More and more evidence shows that cancer and autoimmune diseases can have a causal or correlative relationship, with the development of one creating a greater risk for the development of the other in the same patient [
19,
77,
78,
79,
80,
81,
82,
83,
84,
85]. The rise in co-occurrence risk suggests that the two diseases likely share some underlying causes and common mechanisms, such as chronic inflammation [
85]. Though inflammation is classically activated by infection or injury, other causes exist, including underlying tissue malfunction, which induces para-inflammation as the body attempts to return to homeostasis [
86]. Para-inflammation has previously been implicated as the cause of chronic inflammatory conditions, including cancer and autoimmune disease [
86]. The rising occurrence of chronic inflammatory diseases and their co-incidence justifies a new research approach: finding, characterizing, and modifying the shared underlying disease pathologic mechanisms.

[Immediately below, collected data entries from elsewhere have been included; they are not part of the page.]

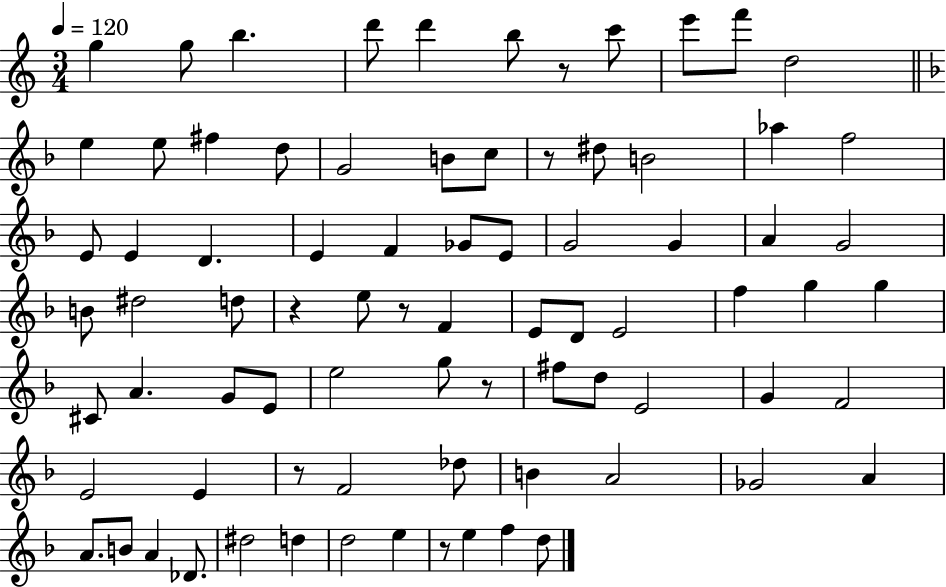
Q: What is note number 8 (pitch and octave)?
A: E6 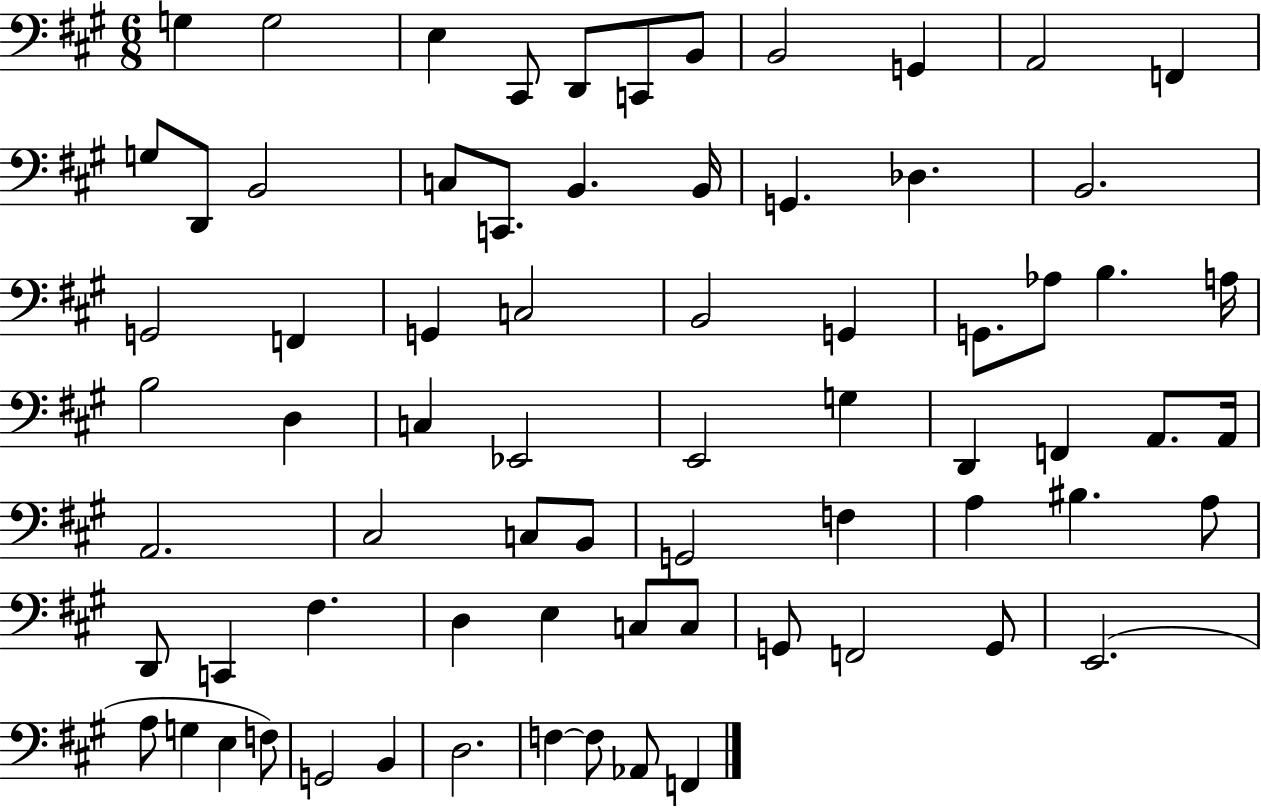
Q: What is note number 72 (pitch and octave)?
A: F2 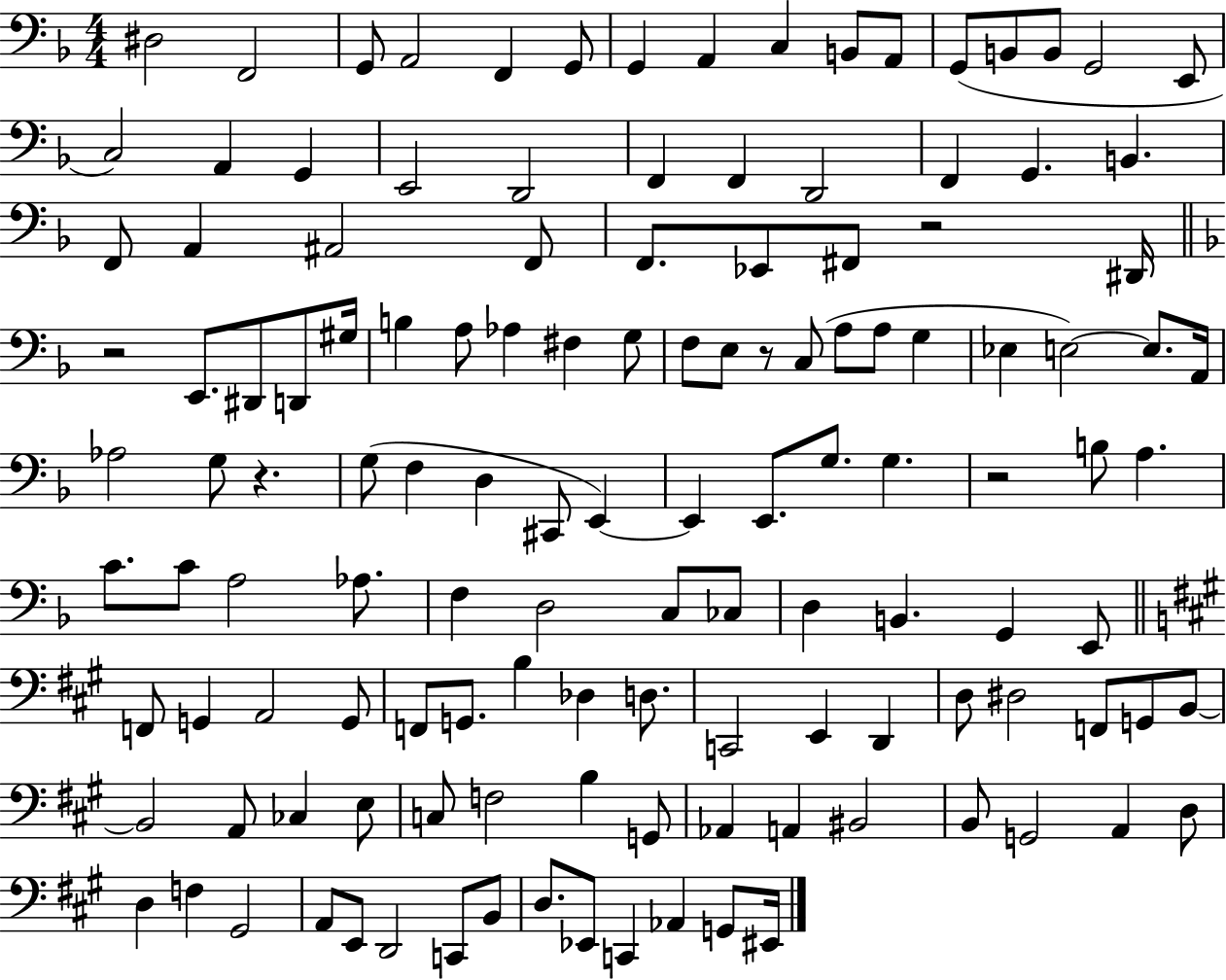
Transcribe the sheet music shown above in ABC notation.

X:1
T:Untitled
M:4/4
L:1/4
K:F
^D,2 F,,2 G,,/2 A,,2 F,, G,,/2 G,, A,, C, B,,/2 A,,/2 G,,/2 B,,/2 B,,/2 G,,2 E,,/2 C,2 A,, G,, E,,2 D,,2 F,, F,, D,,2 F,, G,, B,, F,,/2 A,, ^A,,2 F,,/2 F,,/2 _E,,/2 ^F,,/2 z2 ^D,,/4 z2 E,,/2 ^D,,/2 D,,/2 ^G,/4 B, A,/2 _A, ^F, G,/2 F,/2 E,/2 z/2 C,/2 A,/2 A,/2 G, _E, E,2 E,/2 A,,/4 _A,2 G,/2 z G,/2 F, D, ^C,,/2 E,, E,, E,,/2 G,/2 G, z2 B,/2 A, C/2 C/2 A,2 _A,/2 F, D,2 C,/2 _C,/2 D, B,, G,, E,,/2 F,,/2 G,, A,,2 G,,/2 F,,/2 G,,/2 B, _D, D,/2 C,,2 E,, D,, D,/2 ^D,2 F,,/2 G,,/2 B,,/2 B,,2 A,,/2 _C, E,/2 C,/2 F,2 B, G,,/2 _A,, A,, ^B,,2 B,,/2 G,,2 A,, D,/2 D, F, ^G,,2 A,,/2 E,,/2 D,,2 C,,/2 B,,/2 D,/2 _E,,/2 C,, _A,, G,,/2 ^E,,/4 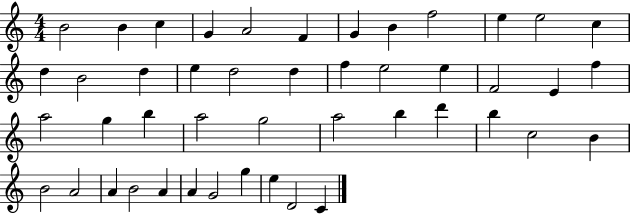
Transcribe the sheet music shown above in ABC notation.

X:1
T:Untitled
M:4/4
L:1/4
K:C
B2 B c G A2 F G B f2 e e2 c d B2 d e d2 d f e2 e F2 E f a2 g b a2 g2 a2 b d' b c2 B B2 A2 A B2 A A G2 g e D2 C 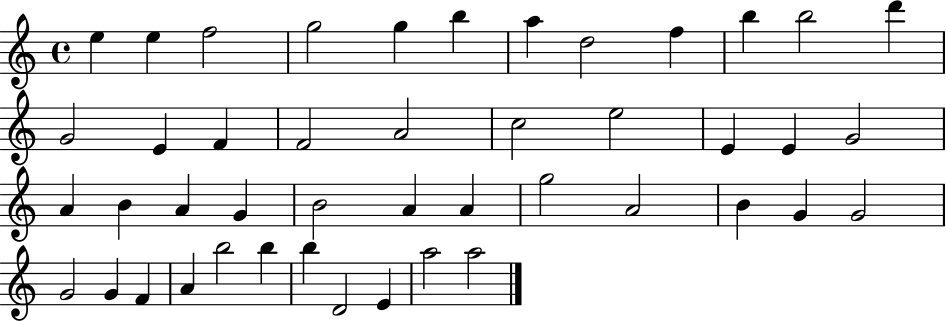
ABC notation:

X:1
T:Untitled
M:4/4
L:1/4
K:C
e e f2 g2 g b a d2 f b b2 d' G2 E F F2 A2 c2 e2 E E G2 A B A G B2 A A g2 A2 B G G2 G2 G F A b2 b b D2 E a2 a2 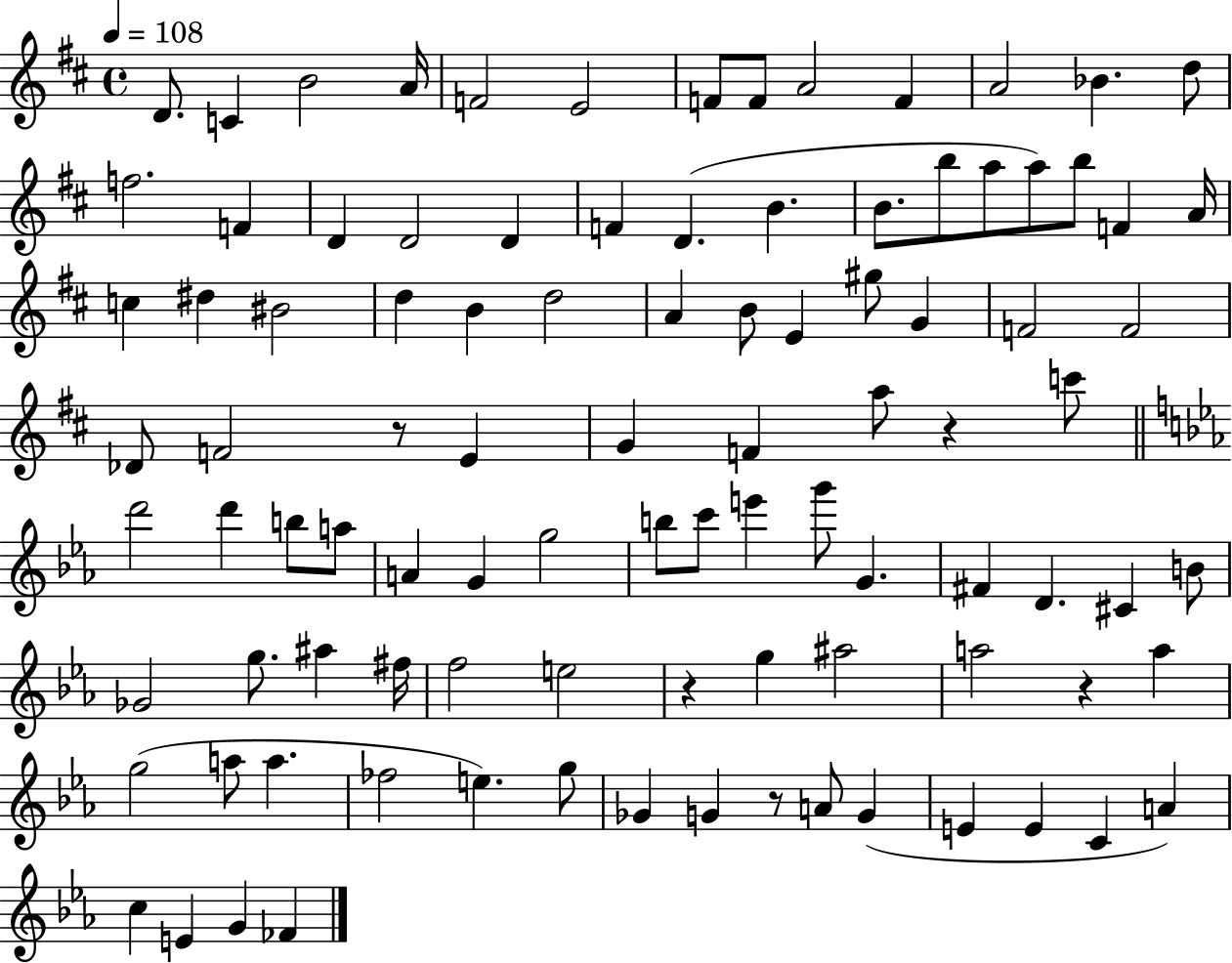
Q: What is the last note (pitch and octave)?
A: FES4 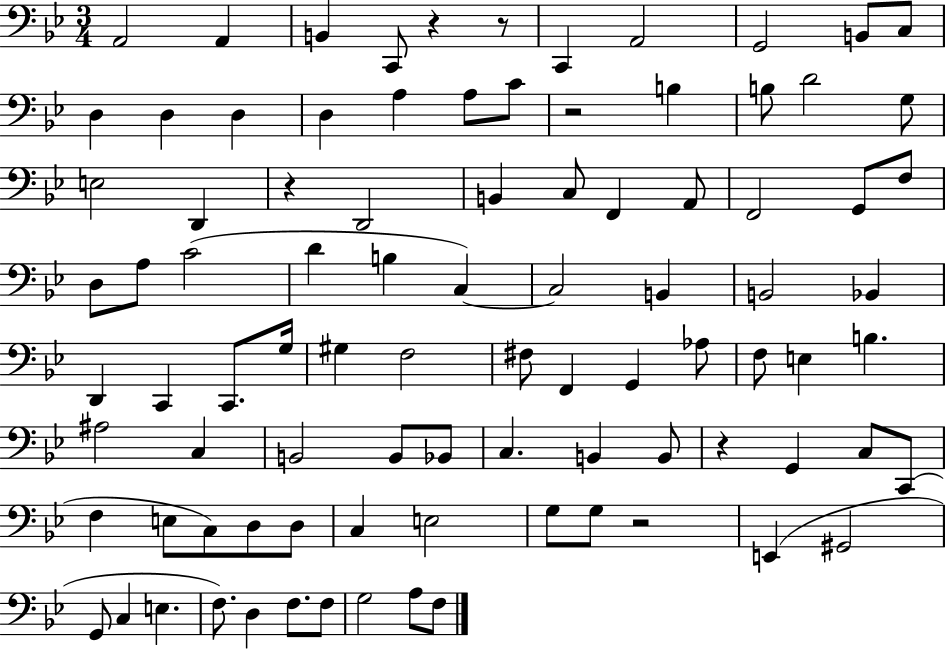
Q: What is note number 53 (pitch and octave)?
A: B3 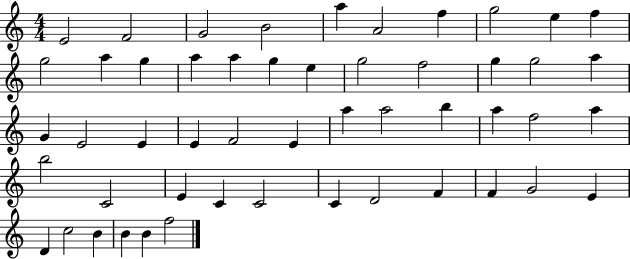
X:1
T:Untitled
M:4/4
L:1/4
K:C
E2 F2 G2 B2 a A2 f g2 e f g2 a g a a g e g2 f2 g g2 a G E2 E E F2 E a a2 b a f2 a b2 C2 E C C2 C D2 F F G2 E D c2 B B B f2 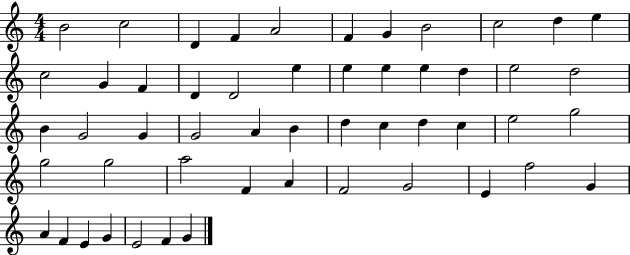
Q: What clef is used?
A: treble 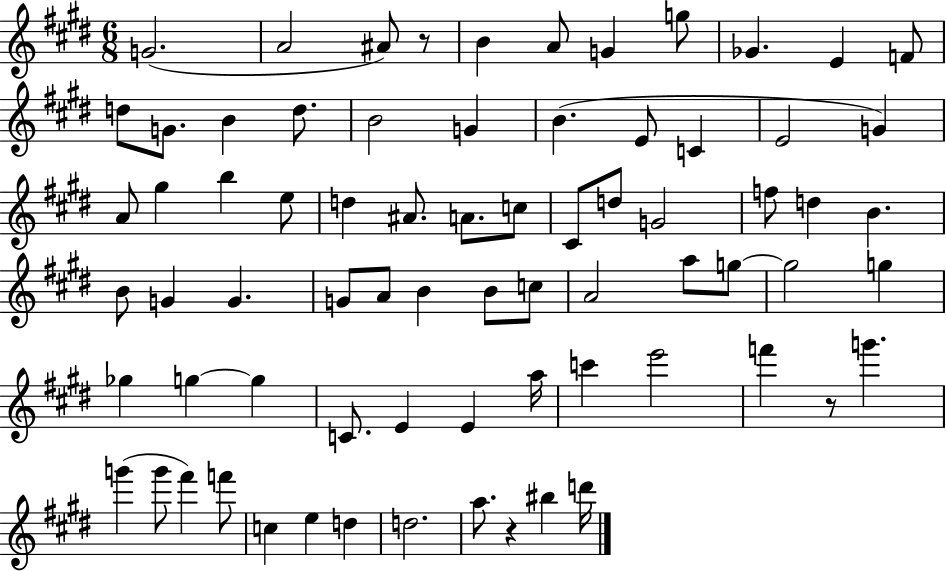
X:1
T:Untitled
M:6/8
L:1/4
K:E
G2 A2 ^A/2 z/2 B A/2 G g/2 _G E F/2 d/2 G/2 B d/2 B2 G B E/2 C E2 G A/2 ^g b e/2 d ^A/2 A/2 c/2 ^C/2 d/2 G2 f/2 d B B/2 G G G/2 A/2 B B/2 c/2 A2 a/2 g/2 g2 g _g g g C/2 E E a/4 c' e'2 f' z/2 g' g' g'/2 ^f' f'/2 c e d d2 a/2 z ^b d'/4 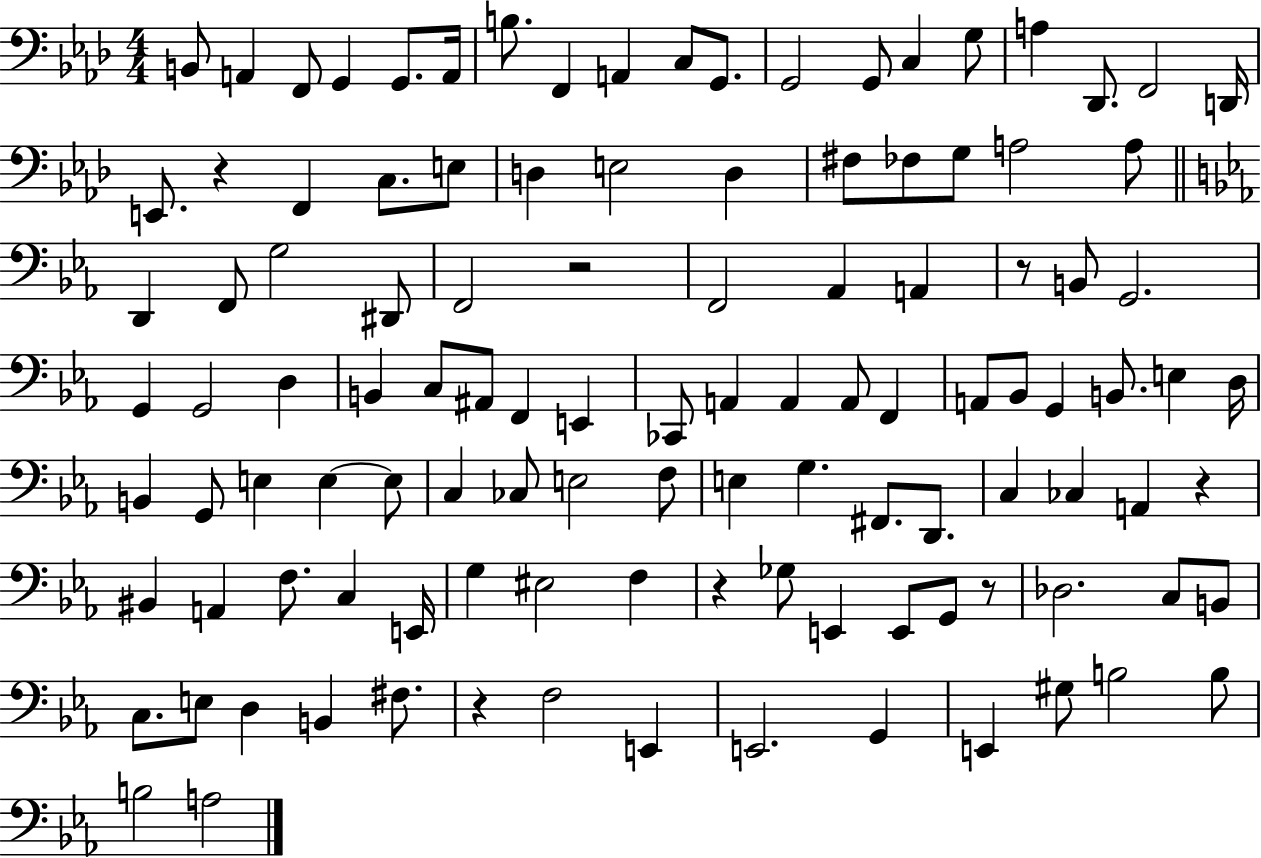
{
  \clef bass
  \numericTimeSignature
  \time 4/4
  \key aes \major
  b,8 a,4 f,8 g,4 g,8. a,16 | b8. f,4 a,4 c8 g,8. | g,2 g,8 c4 g8 | a4 des,8. f,2 d,16 | \break e,8. r4 f,4 c8. e8 | d4 e2 d4 | fis8 fes8 g8 a2 a8 | \bar "||" \break \key ees \major d,4 f,8 g2 dis,8 | f,2 r2 | f,2 aes,4 a,4 | r8 b,8 g,2. | \break g,4 g,2 d4 | b,4 c8 ais,8 f,4 e,4 | ces,8 a,4 a,4 a,8 f,4 | a,8 bes,8 g,4 b,8. e4 d16 | \break b,4 g,8 e4 e4~~ e8 | c4 ces8 e2 f8 | e4 g4. fis,8. d,8. | c4 ces4 a,4 r4 | \break bis,4 a,4 f8. c4 e,16 | g4 eis2 f4 | r4 ges8 e,4 e,8 g,8 r8 | des2. c8 b,8 | \break c8. e8 d4 b,4 fis8. | r4 f2 e,4 | e,2. g,4 | e,4 gis8 b2 b8 | \break b2 a2 | \bar "|."
} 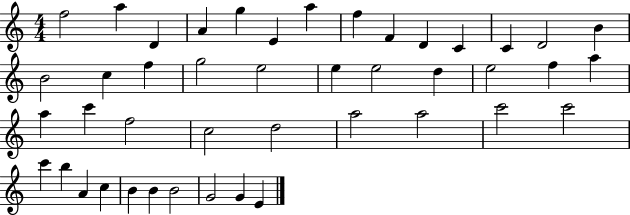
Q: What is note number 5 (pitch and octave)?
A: G5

Among novel disease target candidates for antagonists in both lupus and lymphoma patient treatments are Complement C1qB Chain (C1QB, C+A+ quadrant), Interferon Alpha Inducible Protein 27 (IFI27, C+A+ quadrant), Insulin Like Growth Factor Binding Protein 2 (IGFBP2, C+A+ quadrant), and Transcobalamin 2 (TCN2, C+A+ quadrant). Each is a good candidate for knock-down treatment in pathogenic lupus and lymphoma cells due to their known involvement in lupus and lymphoma progression via overexpression, although care should be taken to minimize adverse events with these potential targets. Increased C1QB expression decreases the effectiveness of combined Ibrutinib and Venetoclax in patients with Mantle-Cell lymphoma (a B-cell lymphoma) and is associated with a worse prognosis [
68]. High IFI27 expression has been shown to drive cell proliferation and to spark B-cell lymphomagenesis [
72] and is a biomarker of B-cell cancer progression [
73]. IFI27 is part of the Interferon-I signature assessment used to determine SLE subtype during the process of lupus diagnosis [
87] and is a known SLE biomarker [
74]. Additionally, targeting and neutralizing IGFBP2 (C+A+ quadrant) as a lupus nephritis biomarker shows potential as a new option in treating patients with lupus nephritis, an advanced complication of SLE targeting the kidneys with few workable treatments [
88,
89]. TCN2 may be a predictive biomarker in primary large B-cell lymphoma of immune-privileged sites, making it a good early target to prevent metastasis [
90].
A subset of potential agonistic targets could benefit patients due to their significant downregulation in both lupus and lymphoma B-cells. However, very little is known about many of these significant IIT genes (located in Quadrant III) in the context of lupus and lymphoma B-cells. OTUD1 has been shown to repress type-I interferon-mediated disease, which includes lupus, in vivo [
91] and to have loss-of-function in SLE [
92], suggesting the promise of treatments that increase the activity of OTUD1 in lupus B-cells. Transmembrane Anterior Posterior Transformation 1 (TAPT1, C-A- quadrant), and Proline Rich Nuclear Receptor Coactivator 1 (PNRC1, C-A- quadrant) are novel results which, as underlying mechanistic genes shared by lupus and lymphoma, could be leveraged as possible therapeutic targets.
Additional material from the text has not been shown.